Hits@k w.r.t. proportion of seed alignment

Combination with Machine Translation. Since machine translation is often used in cross-lingual ontology matching [9, 21], we designed a machine translation based approach that employs Google Translate to translate the labels of entities in one KB and computes similarities between the translations and the labels of entities in the other KB. For similarity measurement, we chose Levenshtein distance because of its popularity in ontology matching [3].

We chose DBP15K\(_\text {ZH-EN}\) and DBP15K\(_\text {JA-EN}\), which have big barriers in linguistics. As depicted in Table 3, machine translation achieves satisfying results, especially for Hits@1, and we think that it is due to the high accuracy of Google Translate. However, the gap between machine translation and JAPE becomes smaller for Hits@10 and Hits@50. The reason is as follows. When Google misunderstands the meaning of labels (e.g. polysemy), the top-ranked entities are all very likely to be wrong. On the contrary, JAPE relies on the structure information of KBs, so the correct entities often appear slightly behind. Besides, we found that translating from Chinese (or Japanese) to English is more accurate than the reverse direction.

To further investigate the possibility of combination, for each latent aligned entities, we considered the lower rank of the two results as the combined rank. It is surprising to find that the combined results are significantly better, which reveals the mutual complementarity between JAPE and machine translation. We believe that, when aligning entities between cross-lingual KBs where the quality of machine translation is difficult to guarantee, or many entities lack meaningful labels, JAPE can be a practical alternative.

Table 3. Combination of machine translation and JAPE

Results at Larger Scale. To test the scalability of JAPE, we built three larger datasets by choosing 100 thousand ILLs between English and Chinese, Japanese and French in the same way as DBP15K. The threshold of relationship triples to select ILLs was set to 2. Each dataset contains several hundred thousand entities and several million triples.

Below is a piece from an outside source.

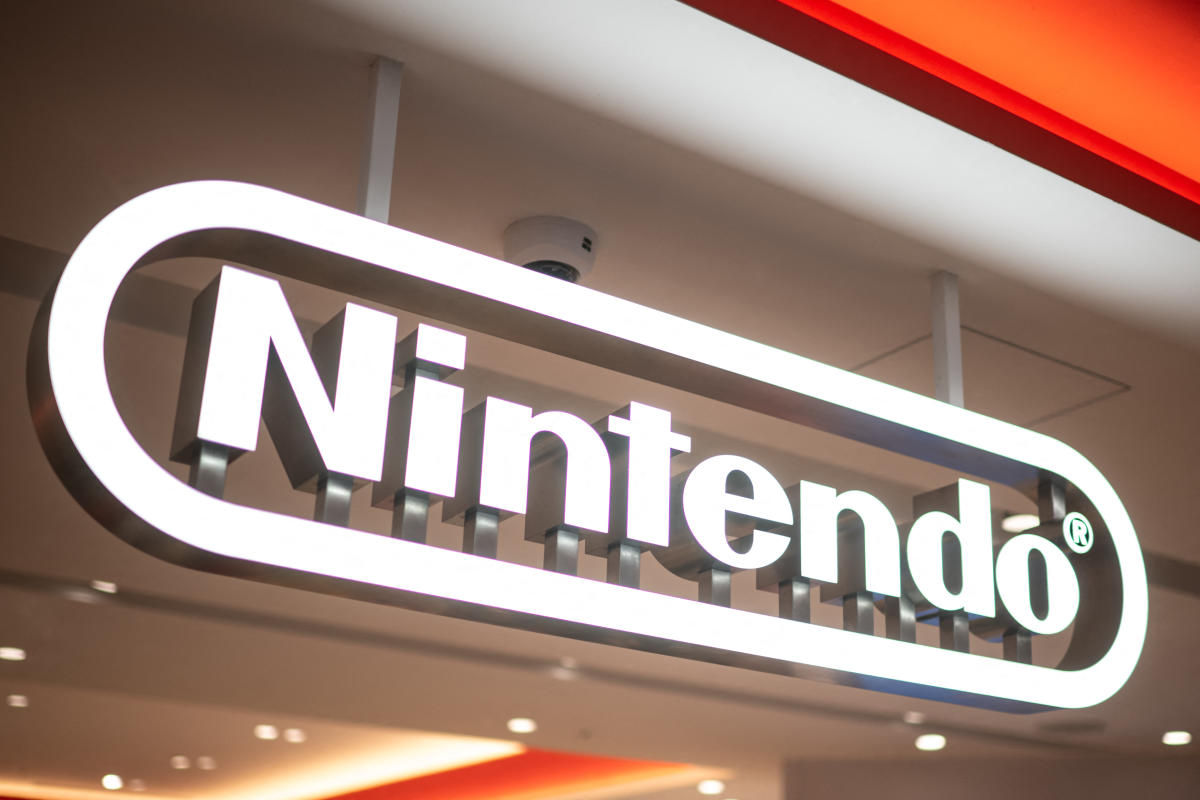 Nintendo anunciará el sucesor de Switch antes de marzo de 2025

We set \(d=100, \beta =0.1\) and keep other parameters the same as DBP15K. For JE, the training takes 2000 epochs as reported in its paper. The results on DBP100K are listed in Table 4. Due to lack of space, only Hits@10 is reported. We found that similar results and conclusions stand for DBP100K compared with DBP15K, which indicate the scalability and stability of JAPE.

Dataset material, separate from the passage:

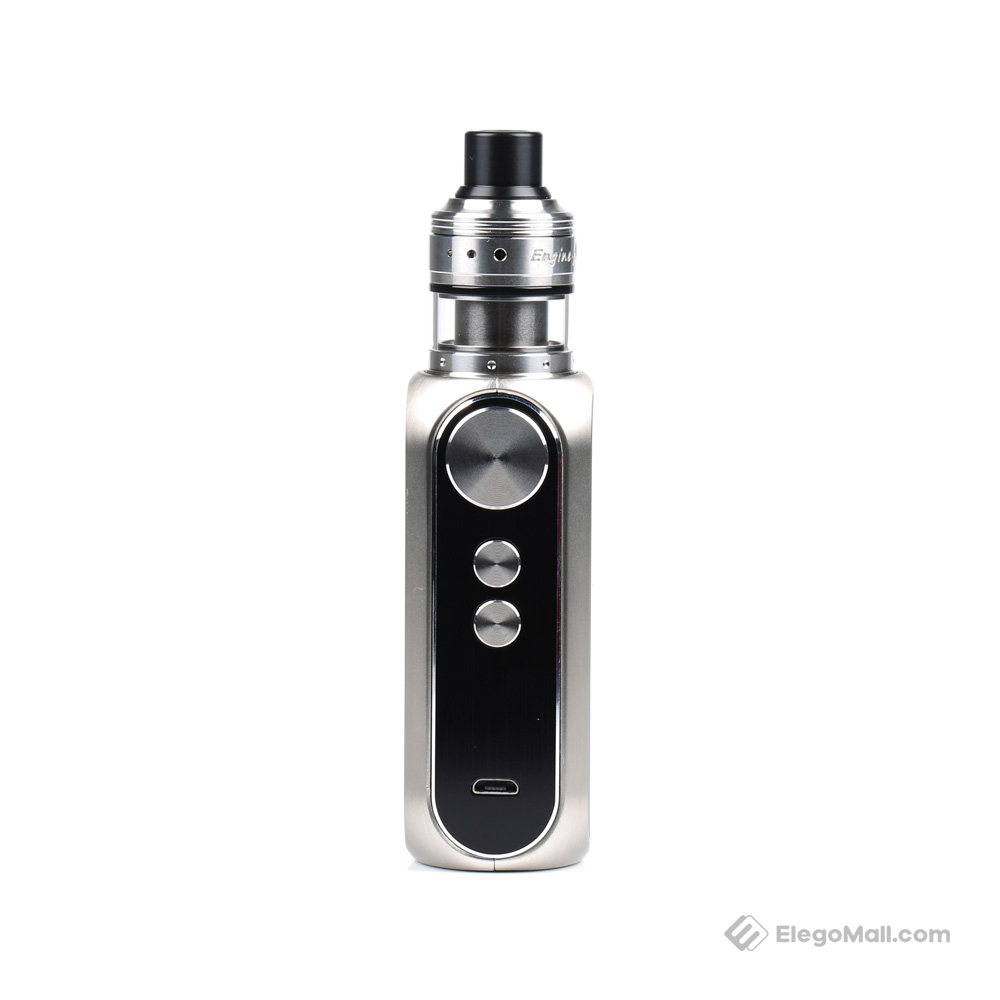 OBS Cube MTL 80W Kit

Table 4. Hits@10 comparison on DBP100K

Furthermore, the performance of all the methods decreases to some extent on DBP100K. We think that the reasons are twofold: (i) DBP100K contains quite a few “sparse” entities involved in a very limited number of triples, which affect embedding the structure information of KBs; and (ii) as the number of latent aligned entities in DBP100K are several times larger than DBP15K, the TransE-based models suffer from the increased occurrence of multi-mapping relations as explained in [22]. Nevertheless, JAPE still outperformed JE and MTransE.

5 Conclusion and Future Work

In this paper, we introduced a joint attribute-preserving embedding model for cross-lingual entity alignment. We proposed structure embedding and attribute embedding to represent the relationship structures and attribute correlations of KBs and learn approximate embeddings for latent aligned entities. Our experiments on real-world datasets demonstrated that our approach achieved superior results than two state-of-the-art embedding approaches and could be complemented with conventional methods based on machine translation.

In future work, we look forward to improving our approach in several aspects. First, the structure embedding suffered from multi-mapping relations, thus we plan to extend it with cross-lingual hyperplane projection. Second, our attribute embedding discarded attribute values due to their diversity and cross-linguality, which we want to use cross-lingual word embedding techniques to incorporate. Third, we would like to evaluate our approach on more heterogeneous KBs developed by different parties, such as between DBpedia and Wikidata.